How does shared decision making affect Crohn’s disease patients’ treatment choices?
Using decision aids to educate IBD patients about the risks and benefits of alternate strategies leads to different treatment choices. This may be time well spent.
Zisman-Ilani Y, Thompson KD, Siegel LS, et al. Crohn’s disease shared decision making intervention leads to more patients choosing combination therapy: a cluster randomised controlled trial. Aliment Pharmacol Ther.
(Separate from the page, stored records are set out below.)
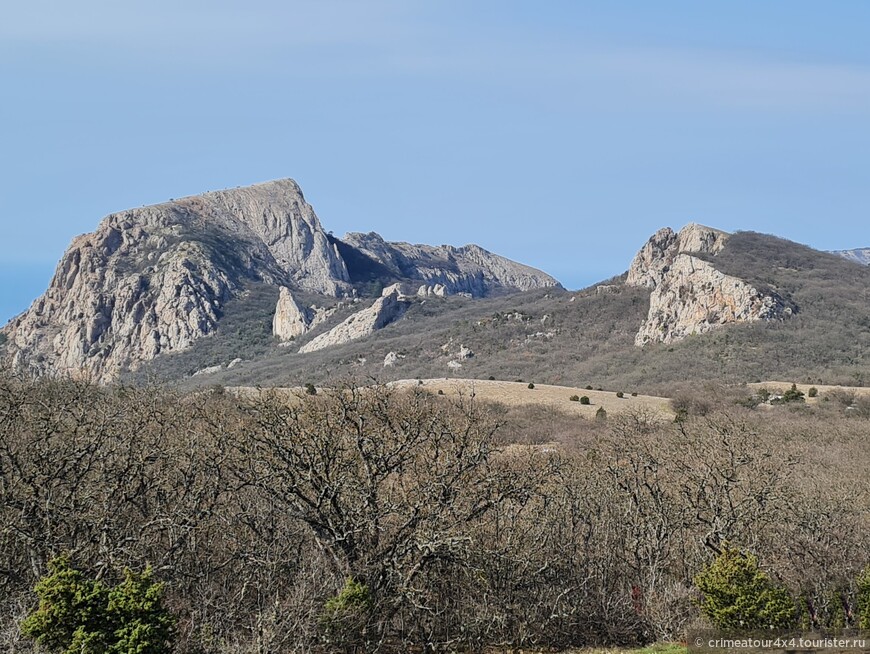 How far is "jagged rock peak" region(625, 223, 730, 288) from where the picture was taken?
187 metres

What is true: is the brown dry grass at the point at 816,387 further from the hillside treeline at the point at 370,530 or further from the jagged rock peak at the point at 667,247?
the jagged rock peak at the point at 667,247

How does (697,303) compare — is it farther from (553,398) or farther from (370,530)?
(370,530)

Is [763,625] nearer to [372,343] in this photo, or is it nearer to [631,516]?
[631,516]

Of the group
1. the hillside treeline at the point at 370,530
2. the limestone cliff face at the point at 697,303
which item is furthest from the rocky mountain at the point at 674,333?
the hillside treeline at the point at 370,530

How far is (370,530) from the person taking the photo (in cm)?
2384

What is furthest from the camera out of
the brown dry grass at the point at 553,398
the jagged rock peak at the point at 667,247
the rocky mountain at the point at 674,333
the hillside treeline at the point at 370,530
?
the jagged rock peak at the point at 667,247

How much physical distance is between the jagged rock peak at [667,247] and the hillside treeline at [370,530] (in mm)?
155182

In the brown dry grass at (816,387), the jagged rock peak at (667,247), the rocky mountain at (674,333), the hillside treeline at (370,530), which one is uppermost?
the jagged rock peak at (667,247)

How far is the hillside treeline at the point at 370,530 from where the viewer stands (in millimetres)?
22078

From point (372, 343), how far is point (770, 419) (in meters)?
138

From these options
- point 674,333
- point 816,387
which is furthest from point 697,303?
point 816,387

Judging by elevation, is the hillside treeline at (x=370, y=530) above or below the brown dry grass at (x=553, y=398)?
below

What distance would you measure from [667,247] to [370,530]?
179 metres

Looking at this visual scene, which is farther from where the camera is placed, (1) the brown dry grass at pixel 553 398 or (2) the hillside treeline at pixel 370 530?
(1) the brown dry grass at pixel 553 398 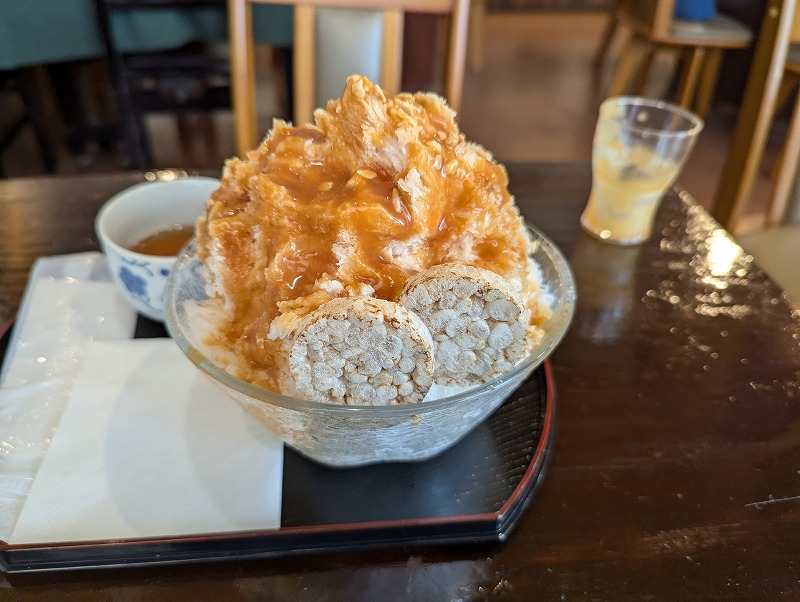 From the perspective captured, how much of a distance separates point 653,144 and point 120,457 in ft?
3.40

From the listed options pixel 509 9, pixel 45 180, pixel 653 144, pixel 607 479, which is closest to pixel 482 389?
pixel 607 479

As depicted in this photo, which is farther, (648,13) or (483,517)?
(648,13)

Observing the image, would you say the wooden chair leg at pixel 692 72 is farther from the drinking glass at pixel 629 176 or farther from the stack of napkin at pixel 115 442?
the stack of napkin at pixel 115 442

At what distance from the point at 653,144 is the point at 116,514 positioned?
1.07m

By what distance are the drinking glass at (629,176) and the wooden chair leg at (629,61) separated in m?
2.55

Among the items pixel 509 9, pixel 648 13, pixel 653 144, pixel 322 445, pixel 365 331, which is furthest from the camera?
pixel 509 9

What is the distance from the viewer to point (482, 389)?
575 mm

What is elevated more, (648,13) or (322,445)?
(648,13)

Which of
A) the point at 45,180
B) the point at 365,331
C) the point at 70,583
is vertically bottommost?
the point at 70,583

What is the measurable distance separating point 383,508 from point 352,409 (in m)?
0.16

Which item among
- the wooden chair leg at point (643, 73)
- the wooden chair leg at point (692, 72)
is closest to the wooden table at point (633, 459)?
the wooden chair leg at point (692, 72)

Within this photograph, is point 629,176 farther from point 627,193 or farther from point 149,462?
point 149,462

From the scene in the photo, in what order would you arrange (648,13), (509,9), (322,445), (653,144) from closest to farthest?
(322,445)
(653,144)
(648,13)
(509,9)

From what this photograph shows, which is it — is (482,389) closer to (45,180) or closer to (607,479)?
(607,479)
Epub ahead of print Nov 14, 2022; https://onlinelibrary.wiley.com/doi/abs
Shared decision making (SDM) models are intended to enhance data and information sharing between patient and physician to help patients make evidence-based decisions that align with their preferences and priorities. In this study, researchers at eight academic centers and six community-based gastroenterology practices in the United States enrolled 158 recently-diagnosed adult Crohn’s disease (CD) patients who were eligible to receive immunomodulator or biologic treatment. They randomized 99 patients to receive care under an SDM model and 59 patients to undergo standard patient education.
Those in the SDM group were provided with a web-based decision aid consisting of a 20-minute video describing available the benefits, harms and uncertainties of available treatment options based on the existing evidence. They were also provided with graphic representation of their risk of developing CD complications based on outcomes of the Personalized Risk and Outcome Prediction Tool (PROSPECT), a web-based resource that predicts risk of complications based on a patient’s clinical, serologic and genetic characteristics.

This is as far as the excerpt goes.